### GOAL OF THE EXERCISE
Where the line containing "Фестиваль по спортивным" appears below, start there and repeat each line exactly to the end. Leave the pictures out.

### SUPPLIED MATERIAL

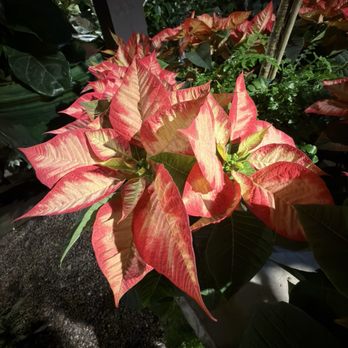 Roger's Gardens - Poinsettia - Nurseries & Gardening Near Me - Corona Del Mar, California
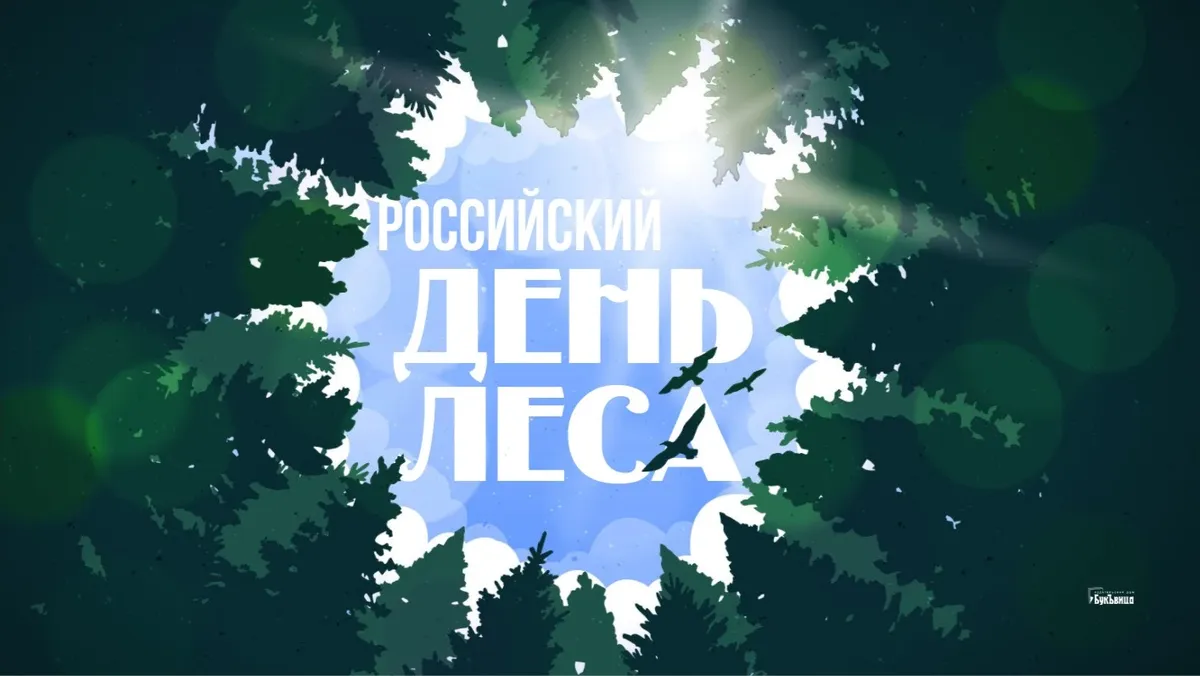 Российский день леса. Иллюстрация: «Весь Искитим»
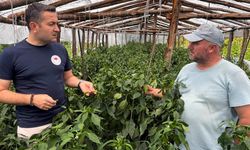 Teşvikiye’de Desteklenen Serada Hasat Başladı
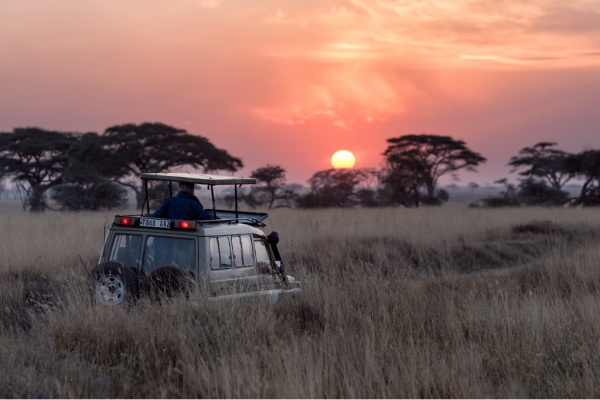 Safari in Tanzania.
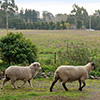 Big Day Out for the Sheep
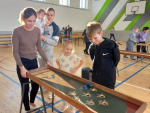 Фестиваль по спортивным настольным играм мира
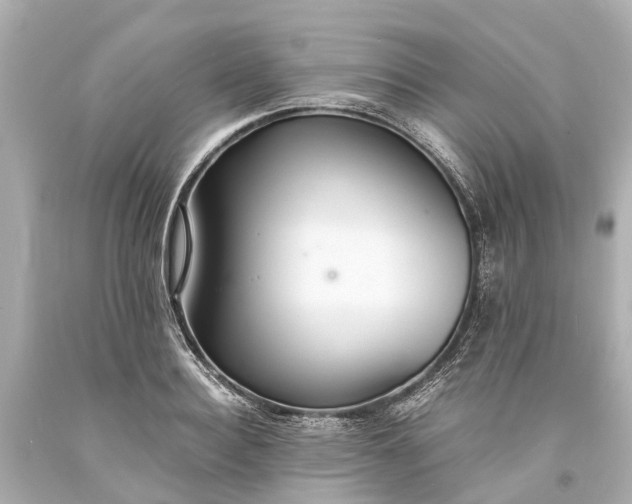X0000093590940200710291119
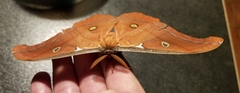 Antheraea godmani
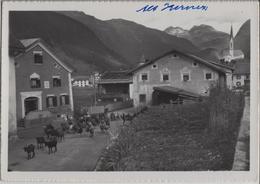 Dorfpartie Aus Alt Zernez - Ziegen, Chevres, Goat - Photo: R. Grass - Zernez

### WRITTEN REPLY
 Фестиваль по спортивным настольным играм мира
X0000093590940200710291119
 Antheraea godmani
 Dorfpartie Aus Alt Zernez - Ziegen, Chevres, Goat - Photo: R. Grass - Zernez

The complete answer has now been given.